Avoid the use of a flex fan on a pickup or SUV that goes off-road or tows. As the name implies, flex fans are designed to deflect at higher rpms to reduce parasitic drag, which also reduces airflow at higher engine rpms. If your fan is mounted directly to the water pump without a fan clutch, consider the use of a high-cfm race fan. These fans feature rigid blades that won’t flex at higher engine rpm. Race fans move lots of air to help keep the engine cool at both idle and high rpm. Match up your fan diameter with a proper fan shroud for best results.
Aftermarket Electric Fan
Aftermarket electric fans typically feature a lower profile than traditional belt-driven engine cooling fans, making them a great option for vehicles with engine swaps and not a lot of underhood real estate. Electric fans can also be used to replace traditional belt-driven fans to free up some horsepower and increase fuel economy. The downside is that most electric fans don’t move as much air as a typical belt-driven fan. Keep in mind that electric puller fans mounted on the backside of the radiator are far more efficient than electric pusher fans mounted in front of the radiator. You have to be careful when selecting an electric fan to be used as a primary radiator airflow source. Some low-cost electric fans aren’t able to move the air required to keep an engine cool. Fortunately, there are many powerful bolt-on vehicle-specific electric fan conversion kits available for popular trucks and SUVs.

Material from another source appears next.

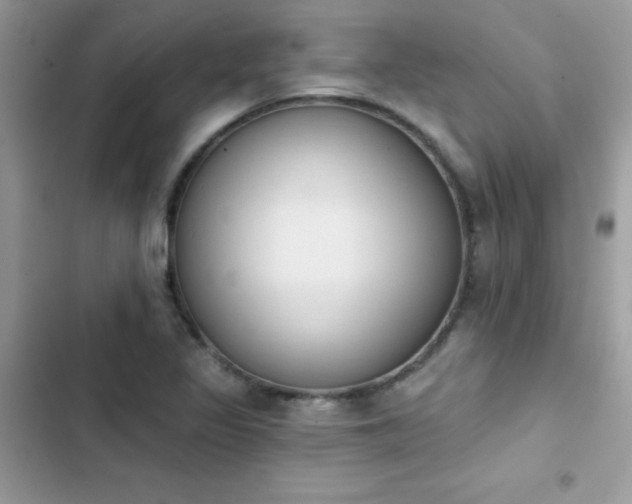 X0000103951317200809191431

Aftermarket High-Performance Water Pump
Sometimes a high-flow thermostat just isn’t enough. This is where an aftermarket high-performance water pump can aid cooling by increasing the volume of water flowing through the engine and radiator. Aftermarket high-performance water pumps are available for almost all of the popular truck and SUV engines. They are a direct bolt-on replacement for the stock water pump and typically feature balanced internal passages for maximum flow and equal distribution into the engine. The impellers are larger than stock and the redesigned impeller vanes usually increase flow rates.

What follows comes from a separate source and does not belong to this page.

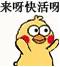 来呀快活呀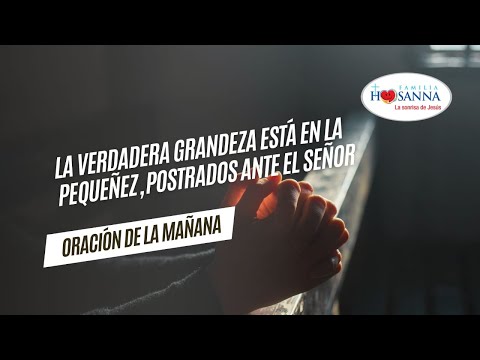 La verdadera grandeza está en la pequeñez #Evangelio?DeHoy, Sábado 20 Julio 2024 #PadreJohn #FH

How To Cure An Overheating Engine
As mentioned earlier, there are many things that can cause an engine to overheat. Start with the simple stuff first. Make sure the radiator isn’t clogged, the fans and fan clutch are operational and so on. Something as simple as blocking the grill opening and radiator with an aftermarket bumper, winch and off-road lights could be enough to cause a cooling problem. If you notice that your vehicle stays cool at highway speeds but overheats in traffic or when slowly plugging along a trail, you likely have a fan or fan shroud issue. A bigger fan and a proper fan shroud will help here. If the engine stays cool while driving slow around town, but overheats at highway speeds, you may need more radiator cooling capacity or increased coolant flow. However, this overheating scenario could also be caused by a blocked grill opening. If the engine runs hot all the time, then you may have several modifications that need to be made to increase airflow and cooling capacity at all speeds.